But all things — good or bad — must come to an end and with fresh elections looming in September and prosecutors circling with corruption indictments, the Netanyahu era looks to be in its twilight days. Of course, Bibi has been written off many times before and bounced back (usually with a dirty trick) but talk is turning all the same to his legacy. His most cogent Israeli critic, the Haaretz journalist Anshel Pfeffer muses:
‘His legacy is his longevity, and precious little else… He has been an effective steward of Israel’s economic fortunes, its security and foreign relations, but he has been reaping what his predecessors sowed and laid very few foundations of his own.’
There is a lot in this and Pfeffer expands on this critique in his definitive biography of Israel’s ninth prime minister. Many of Israel’s current successes fell into Netanyahu’s lap, the bounties of others’ efforts, but this cuts both ways. That Bibi has been a largely inert PM complicates the left’s contention that he has remade Israel in his image as a chauvinist redoubt, at ease with nativist strongmen, contemptuous of international institutions and apathetic about peace. If Israel has transformed, someone had to do the transforming, and it wasn’t Netanyahu. This is the other bounty he inherited: a decade of the Israeli centre, the international community and the Palestinians laying the groundwork for his return to power.
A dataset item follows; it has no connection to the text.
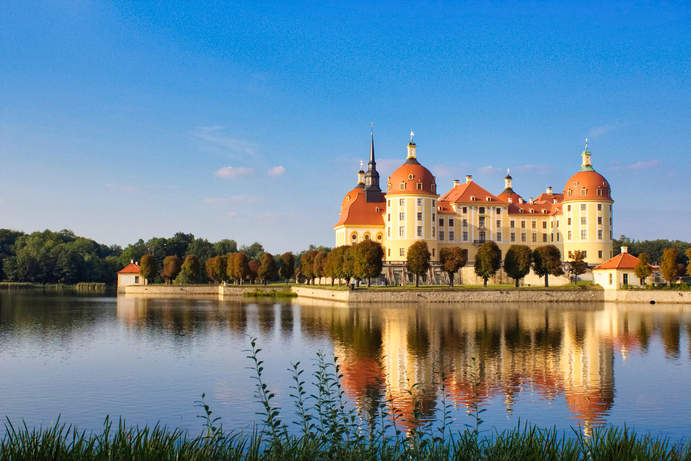 Sächsisches Elbland Schloss Moritzburg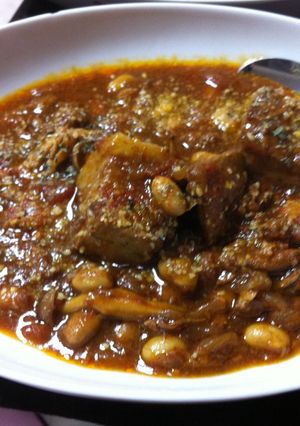 豚肉と大豆のスープ-レシピのメイン写真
The seeds of Bibi’s Israel were sown in the 2000s, the lowest ebb in Netanyahu’s political career. He had been booted from power by Labor’s Ehud Barak in 1999 and, though serving two-and-a-half years as Ariel Sharon’s finance minister, he resigned over the Gaza disengagement and subsequently led Likud to its worst ever election result. However, this decade was more fortuitous for Bibi than it appeared. Yasser Arafat walked away from statehood at Camp David and the bloody Second Intifada soon followed. Sharon withdrew from Gaza amid dreamy talk that finally the world would see Israel as the peace-maker and the Palestinians as the aggressor. Instead, the disengagement brought thousands of Hamas rockets and accusations of war crimes when the IDF tried to stop them. Israelis sold on a vision of ‘land for peace’ watched as land was exchanged for Qassams, boycotts and the Goldstone Report.
Netanyahu may have capitalised on the cynicism that built up in the 2000s. He has certainly done nothing to rekindle the optimism fostered by Yitzhak Rabin and the prophets of Oslo. But he did not create the circumstances which have contributed so generously to his political fortunes. Bibi’s opponents enabled his resurrection and in their listless, divided state they have done more to consolidate his grip on power than their bêtes noires Sheldon Adelson and Israel Hayom.
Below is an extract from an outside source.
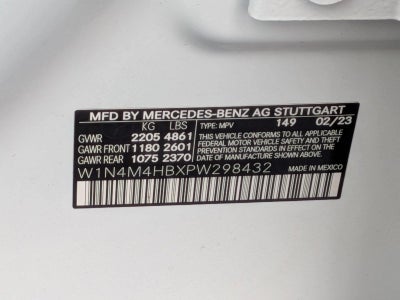 2023 Mercedes-Benz GLB GLB 250 4MATIC® SUV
Understand the legacy of Netanyahu’s enemies and the possibilities of the post-Bibi era come into sharper focus. The Oslo generation he inherited were soured from seeing every Israeli push for peace rebuffed, often violently; the Bibi generation will come to political maturity with no such memories and might well look back resentfully on a wasted decade. What Netanyahu has achieved — US recognition of Jerusalem and the Golan Heights — could lull Israelis back into the dream of two states and international legitimacy. Bibi’s embrace of unsavoury characters like Viktor Orban and Jair Bolsonaro has been dispiriting for Israeli liberals but this too supplies an opportunity: if Bibi’s Israel could talk to regimes with dubious records on anti-Semitism, what is to stop post-Bibi Israel from sitting down once again with even the more extreme Palestinian leaders?
Netanyahu turned his opponents’ failures to his advantage. There is no reason his successors cannot do the same. After 13 years in power, Netanyahu has not fundamentally changed Israel but he may yet hand his rivals the chance to do so.